Les réseaux de communication permettent l’échange et le transport d’informations entre les composantes d’un système, entre différents systèmes ou entre un système et son environnement. Par exemple, un processus de gestion des connaissances pourrait être envisagé comme la mise en place d’un réseau de communication favorisant les échanges d’information entre différents systèmes ou entre un environnement et un système particulier. Sous cet angle, le réseau jouerait le rôle d’interface ou d’intermédiaire entre un système et son environnement.

2.2.1.3 La dynamique des systèmes

L’approche systémique insiste sur les transformations qui se produisent à l’intérieur des ensembles que l’on étudie. Ces transformations ou changements résultent de modifications plus ou moins contrôlées que subissent les intrants provenant d’autres systèmes ou de l’environnement. Ces transformations produisent des extrants qu’absorbent d’autres systèmes ou l’environnement. Un système est dit adaptatif39 lorsqu’il maintient sa stabilité par un équilibre dynamique en réaction aux changements. La réaction à un changement (contrainte ou erreur) constitue alors la transition d’un état stable initial à l’état stable suivant alors que le système a été modifié de façon à pouvoir continuer de fonctionner comme prévu. Ce processus de changement, ou de transformation des intrants en extrants, est à la base de la dynamique des systèmes et a été expliqué par la cybernétique (Rosnay, 1975).

Les transformations intrants-extrants. Chaque système effectue des changements

dans les flux d’énergie, de matière ou d’information qui le traversent. Ces changements caractérisent sa fonction et son dynamisme. Par exemple, une des fonctions d’un système d’administration publique pourrait être de transformer des ressources en services, par exemple une politique de santé et un budget (intrants) en services de protection contre les épidémies (extrants). Cependant, cette transformation se fera suivant certains critères permettant de vérifier la réussite ou l’échec du système. Essentiels en systémique, ces critères, ou variables de transformation, pourraient correspondre à l’efficience des équipes de travail, au temps de réponses en cas d’urgence ou au nombre de décès parmi les personnes contaminées.
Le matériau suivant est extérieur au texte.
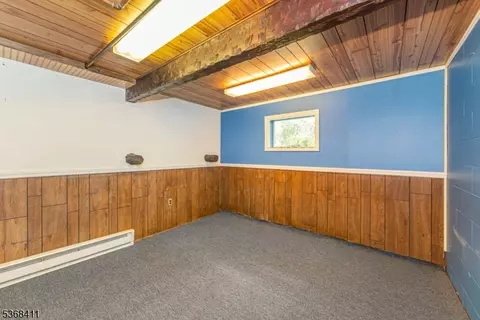 1087 Ratzer Rd, Wayne, NJ 07470 photo 11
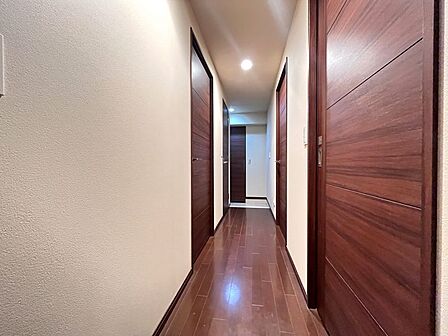 落ち着いた色合いのフローリングと建具で統一された廊下です◎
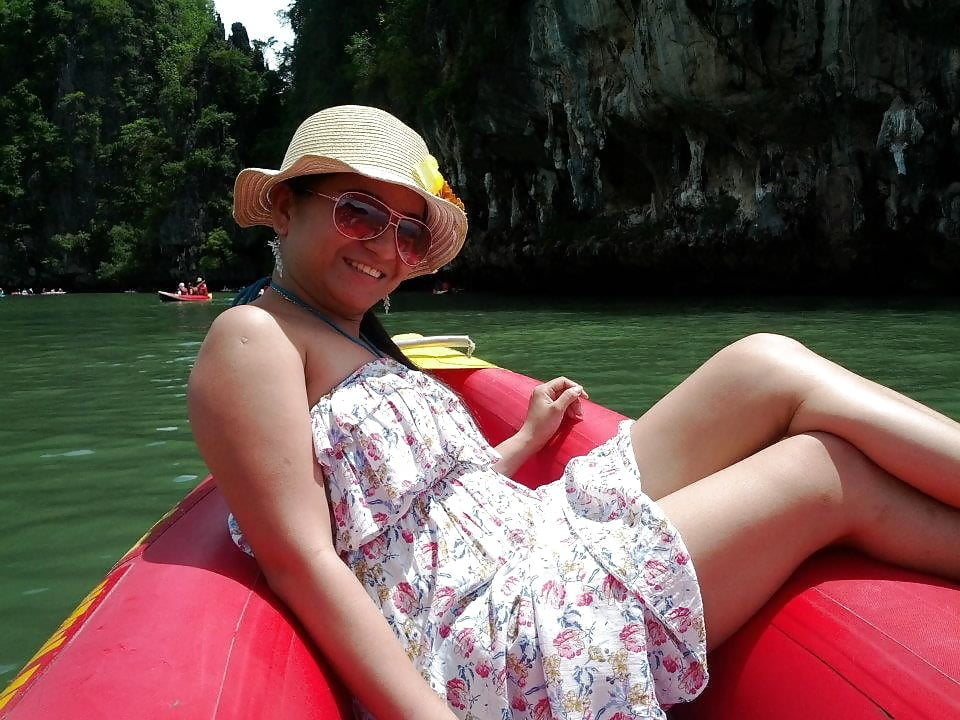 Sie wuchs auf, um eine Goldgräber-Hure zu sein
 #105406162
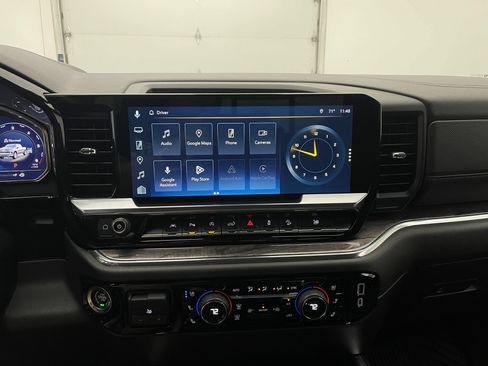 Used 2023 Chevrolet Silverado 1500 LTZ w/ LTZ Convenience Package II AWD/4WD image 23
La rétroaction et la régulation. La rétroaction est l’acheminement vers l’entrée du

système (intrant) des informations sur les résultats d’une transformation. Elle favorise la stabilité du système, aussi nommée homéostasie. Elle caractérise les systèmes ouverts qui conservent leurs structures et leurs fonctions intactes par l’intermédiaire d’équilibres dynamiques successifs.
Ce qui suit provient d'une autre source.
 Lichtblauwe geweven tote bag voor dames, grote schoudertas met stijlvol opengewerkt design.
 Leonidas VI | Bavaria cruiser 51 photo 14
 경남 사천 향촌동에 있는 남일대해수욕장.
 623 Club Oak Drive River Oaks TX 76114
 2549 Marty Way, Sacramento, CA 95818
La régulation est l’acheminement vers l’entrée du système (intrant) des informations sur le déroulement des processus qui composent les activités de transformation. Il s’agit d’une forme particulière de rétroaction qui favorise la maîtrise du système en temps réel comme pourrait le faire un tableau de bord de gestion, par exemple. La régulation est soumise au principe de la variété requise (voir la propriété de variété ci- après).

2.2.1.4 Quelques propriétés des systèmes

Il est possible de caractériser les systèmes d’une manière générale à partir d’un nombre minimal de propriétés. Présentées au tableau 2.3 ces propriétés sont la téléonomie, la complexité, l’équifinalité, l’interaction, l’ouverture et la variété.
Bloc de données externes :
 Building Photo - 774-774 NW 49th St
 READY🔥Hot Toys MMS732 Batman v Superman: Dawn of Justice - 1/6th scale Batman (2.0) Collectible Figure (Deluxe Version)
Tableau 2.3 Quelques propriétés des systèmes

Propriété Définition

La téléonomie signifie l’étude des lois de la finalité. En principe, un système d’activité humaine existe pour réaliser certaines finalités.

La complexité renvoie à l’incapacité que l’on a de décrire tout le système et de déduire son comportement à partir de la connaissance des comportements de ses parties. Les systèmes d’activité humaine sont complexes.

L’équifinalité signifie qu’un système peut réaliser ses objectifs à partir de différents points de départ et par différents moyens.

Une interaction constante existe entre les éléments d’un système.

L’ouverture est la capacité qu’a un système d’échanger de l’énergie, de la matière ou de l’information avec d’autres systèmes ou avec l’environnement.

La variété signifie qu’un système peut prendre un nombre fini de configurations ou d’états au- delà duquel il s’autodétruit : une trop grande complexité devient incontrôlable.

Source : construction originale à partir de Lemire et Martel (2007, p. 61-64).